Dereplication is the reduction of a set of genomes, typically assembled from metagenomic data, based on high sequence similarity (e.g., >99% average nucleotide identity) between these genomes. When redundancy in a database of genomes is maintained, the subsequent step of mapping sequencing reads back to this database of genomes leads to sequencing reads having multiple high-quality alignments. Depending on the software used and parameters chosen, this leads to sequencing reads either being randomly distributed across the redundant genomes, with one random alignment reported from many possible options, or being reported at all redundant locations.
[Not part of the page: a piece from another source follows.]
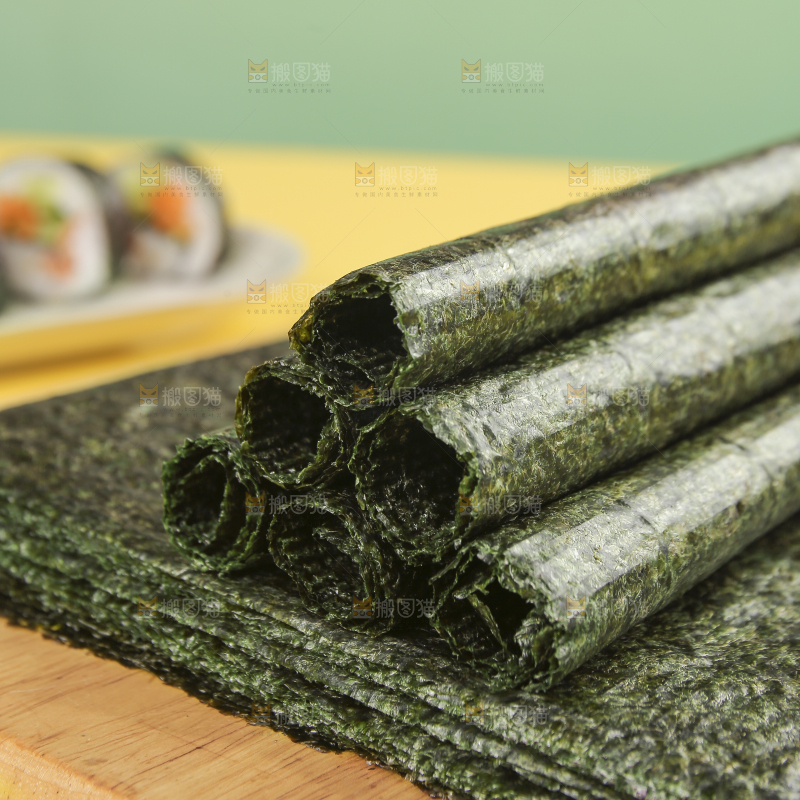 浅底上的海苔卷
When using these data to make inferences about the relative abundance and population dynamics across samples, relative abundance for each taxon represented by these redundant MAGs will look artificially low, and it will appear that multiple ecologically equivalent populations co-occur. Instead, the more likely conclusion should be that one abundant population exists across all samples (Fig. 2). This issue has been acknowledged in multiple studies, and authors have chosen various cutoffs to avoid this issue (e.g., >95% average nucleotide identity [4], >98% average nucleotide identity [2], >95% amino acid identity [17], and >99.5% amino acid identity [3]). In our experience, the presence of multiple closely related genomes can also complicate manually curating MAGs using, for example, Anvi’o (18). When multiple similar genomes are present, particularly when some of the closely related MAGs are less complete, these differential coverage patterns will be less reliable due to the distribution of sequencing reads across MAGs in some parts of the genome and not in others, generating divergent differential coverage patterns for contigs originating from the same population. This could lead to the removal of parts of the genome that do in fact belong.
WHY NOT DEREPLICATE?
Traditional population genomic analyses rely on the availability of genome sequences of many conspecific isolates. Metagenomics-based population genomic analyses could enhance cultivation-dependent methods by obtaining sequences of multiple closely related, independently sampled populations (a population being defined as individuals of the same species occurring at the same time and place). While many methodological issues remain (see reference 19), MAGs of >99% ANI originating from multiple samples could be a valuable resource, which would be lost if we dereplicate our MAG data sets. Most approaches to dereplicate remove genomes based on the sequence identity of shared parts of the genome. As such, when removing genomes, in addition to data on single-nucleotide variation, we may lose information on variability in the auxiliary gene content among representatives from the same species. As an example, we analyzed the effect of dereplication on database auxiliary gene content using two of the most commonly used tools (dRep and redundancy removal based on pyani results). We used a set of 46 Microcystis aeruginosa MAGs that we previously generated with extensive manual curation (9). The ANI between pairs of these 46 genomes averages to 96.4%. Out of a total of 9,175 unique gene clusters across the 46 MAGs, dereplication led to the removal of up to 2,228 auxiliary gene clusters when using dRep gANI with a 96.5% cutoff (used for species delineation using genome sequences [14]) (Fig. 2). At the other extreme, using the dRep default, no genomes were removed from the MAG set; thus, no gene clusters were lost, while intermediate numbers of gene clusters were removed when using pyani (213) and dRep gANI (447) at 99% thresholds.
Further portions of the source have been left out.